HC Deb 14 October 1991 vol 196 cc13-4W
Mr. Tredinnick

To ask the Secretary of State for the Environment whether he can announce the outcome of the study of the wildlife trade by the joint Nature Conservation Committee and the Royal Botanic gardens, Kew.

Mr. Baldry

The Joint Nature Conservation Committee submitted its report on 31 July, and copies are available in the library of the House. The Royal Botanic gardens, Kew has just submitted a report which reaches similar general conclusions and makes detailed recommendations on plants. We will make this available as soon as possible.

The JNCC's report gives unequivocal support for the convention on international trade in endangered species of the wild fauna and flora—CITES—which is the foundation for the conservation controls on trade throughout the European Community and most of the rest of the world. The committee has made some wide-ranging recommendations for the tightening the present controls— these deserve scrutiny throughout the European Community and beyond.

The Government share the concern that has been expressed not only about the possible effects of trade on wild populations, but about the conditions in which animals—especially birds—are transported. My right hon. Friend the Minister of Agriculture, Fisheries and Food has already been pressing hard for improvements in transport conditions on a Community basis.

My hon.
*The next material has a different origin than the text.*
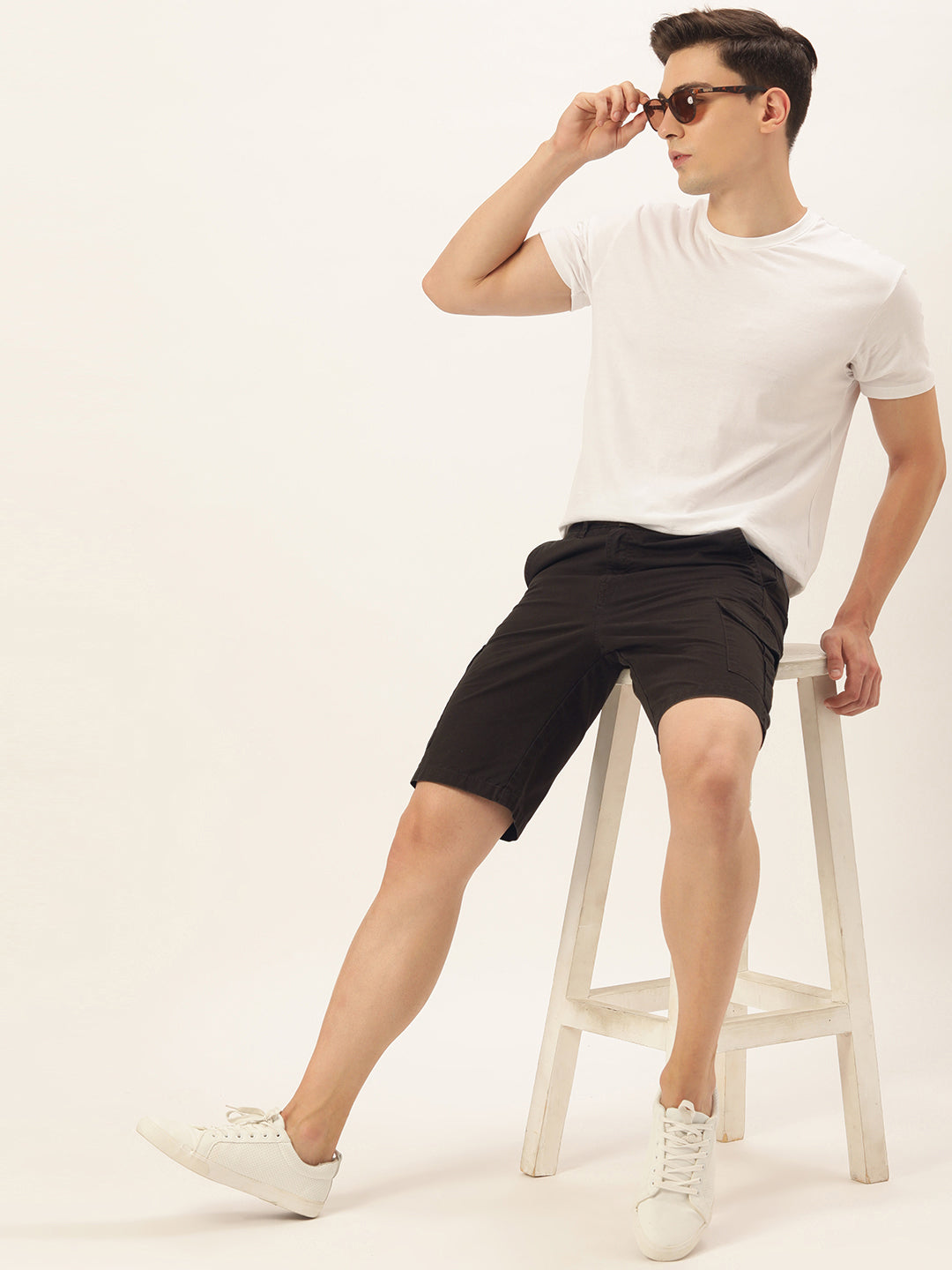Solid Cargo Shorts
Friend the Parliamentary Secretary to the Ministry of Agriculture, Fisheries and Food and I have therefore written to the European Commission today, urging it to propose that the Community takes steps to:

—strengthen measures to prevent illegal trade in endangered species and to ensure that specimens of the species are used to bring conservation benefits;—make more systematic checks on the effects of trade in species whose survival might become threatened to ensure that it continues only at sustainable levels;—monitor trade in more species;—make sure that appropriate care is taken of all species on CITES;— strictly control trade in any species which are particularly vulnerable to stress and mortality as a result of transport and captivity.